Jumat, 01 Mei 2015

Peringatan Integrasi Papua

Tanggal Bersejarah - Keabsahan 1 Mei 1963 sebagai "Hari Integrasi", senantiasa oleh sebagian besar rakyat Papua dipandang sebagai "Hari Aneksasi" Indonesia atas Tanah Papua.

Ini disebabkan bahwa orang-orang Papua sendiri sejak 15 Agustus 1962, tidak pernah dihargai dan dihormati hak asasinya sebagai salah satu komunitas masyarakat di dunia dan bukan merupakan subjek yang ikut menentukan nasibnya sendiri.

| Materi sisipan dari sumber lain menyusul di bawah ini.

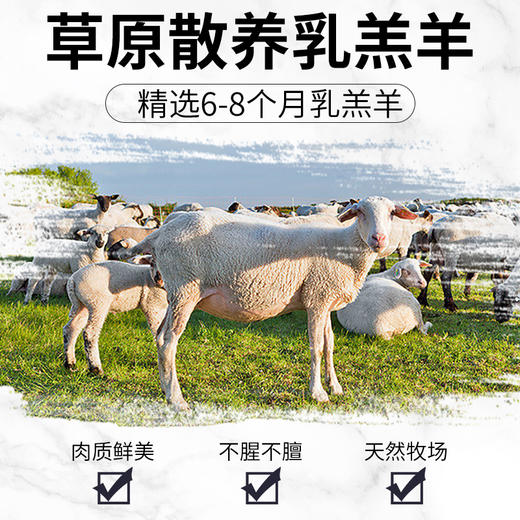 草原散养半只羊礼盒 | 6-8个月的乳羔羊 牧区直供整切不拼接 肉质鲜美 无膻不柴 整切部位齐全 家庭囤货送礼两相宜 商品图2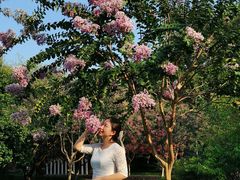 -杭州城北体育公园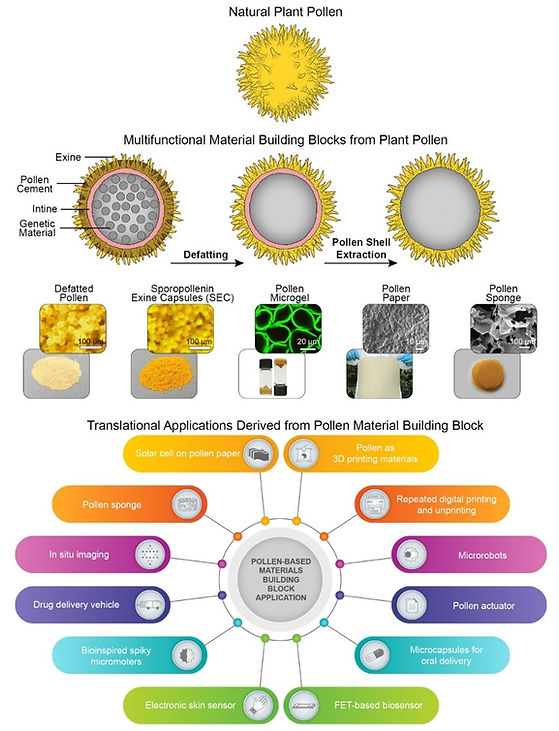 Applications of pollen microgels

Adapun Pepera tahun 1969 sesungguhnya memiliki nilai minus yang sudah semestinya segera dijadikan bahan kajian dan diskursus dalam berbagai kesempatan secara terbuka di alam demokrasi Indonesia, guna memperoleh kesepakatan yang damai, demikian dikatakan peraih penghargaan Internasional di Bidang HAM, "John Humphrey Freedom Award" Tahun 2005 dari Canada, Yan Christian Warinussy kepada, Kamis (30/4) pagi.

"Ini saya sampaikan karena atas dasar "keabsahan" Pepera 1969 yang masih terus dipersoalkan serta 1 Mei 1963 yang dipandang oleh rakyat Papua sebagai "Hari Aneksasi, maka lahirlah slogan NKRI Harga Mati yang senantiasa dijadikan sebagai 'alat' ampuh bagi aparat keamanan baik TNI dan Polri, untuk terus menerus melakukan berbagai tindak kekerasan yang berdimensi pelanggaran hak asasi manusia terhadap warga sipil di Tanah Papua sepanjang lebih dari 50 tahun hingga dewasa ini," ujar Yan.

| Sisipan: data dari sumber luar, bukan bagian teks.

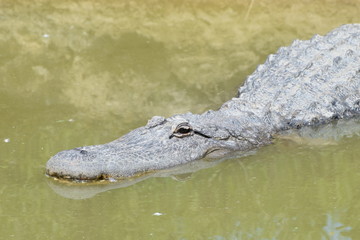 White alligator in the waters of the Safari Park of France.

Oleh sebab itu, seharusnya slogan 'NKRI Harga Mati' dan 'Merdeka Harga Mati' di pihak lain, tidak ditonjolkan oleh kedua belah pihak, baik rakyat Papua dan Pemerintah Indonesia, termasuk TNI dan Polri.

Kata dia, sangat mendesak saat ini untuk mendudukkan persoalan proses peralihan kekuasaan atas Tanah dan rakyat Papua dari sejarah New York Agreement 1962, eksistensi 1 Mei 1963 dan Pepera 1969 sebagai tonggak-tonggak penting yang patut dikaji secara baik menurut prinsip-prinsip hukum, demokrasi dan hak asasi manusia yang berlaku universal bahkan sudah diadopsi pula oleh Pemerintah Indonesia di dalam aturan perundangan yang berlaku saat ini.

"Dalam konteks otsus di Tanah Papua, sebenarnya telah ada peluang di dalam pasal 46 untuk membentuk Komisi Kebenaran dan Rekonsiliasi (KKR), guna menjalankan tugas dalam konteks mengupayakan berlangsungnya proses klarifikasi sejarah Integrasi Papua tersebut," ujar Yan.

Namun demikian menurut Yan, karena hal ini sudah menjadi sebuah aspirasi politik mayoritas rakyat Papua, maka adalah sangat tepat jika hal ini perlu dibicarakan secara terbuka, arif, bijaksana dan imparsial serta saling menghormati dalam sebuah dialog damai.

Ini penting, kata Yan, agar kelak hasil dari dialog damai tersebut menjadi sebuah kesepakatan bersama diantara rakyat Papua dan pemerintah Indonesia dalam merumuskan langkah-langkah penyelesaian konflik sosial-politik tersebut secara damai, demokratis dan berkesinambungan.

Kesepakatan tersebut sesuai amanat pasal 1338 Kitab Undang Undang Hukum Perdata (burgerlijk Wetboek/BW) bahwa, "semua perjanjian yang dibuat secara sah berlaku sebagai undang undang bagi mereka yang membuatnya"

"Dengan demikian kesepakatan yang dicapai dalam sebuah dialog damai antara rakyat Papua dan Pemerintah Indonesia kelak akan menjadi hukum yang dapat dijadikan sebagai pedoman dasar dalam menentukan segenap langkah penyelesaian hukum dan politik atas segenap konflik dan pelanggaran hak asasi manusia yang sudah berlangsung lebih dari 50 tahun diatas Tanah Papua."ujarnya.

Sementara Sekertaris Jenderal Tentara Pembebasan Nasional (TPN) Organisasi Papua Merdeka (OPM) Jenderal Anton Obet Tabuni, menegaskan, akan melaksanakan upacara dengan menaikan bendera Bintak Kejora di markasnya, Tingginambut, Puncak Jaya.

"Kami akan melaksanakan upacara sebagai bentuk bahwa kami menuntut kemerdekaan dan kedaulatan," ujarnya, Kamis pagi.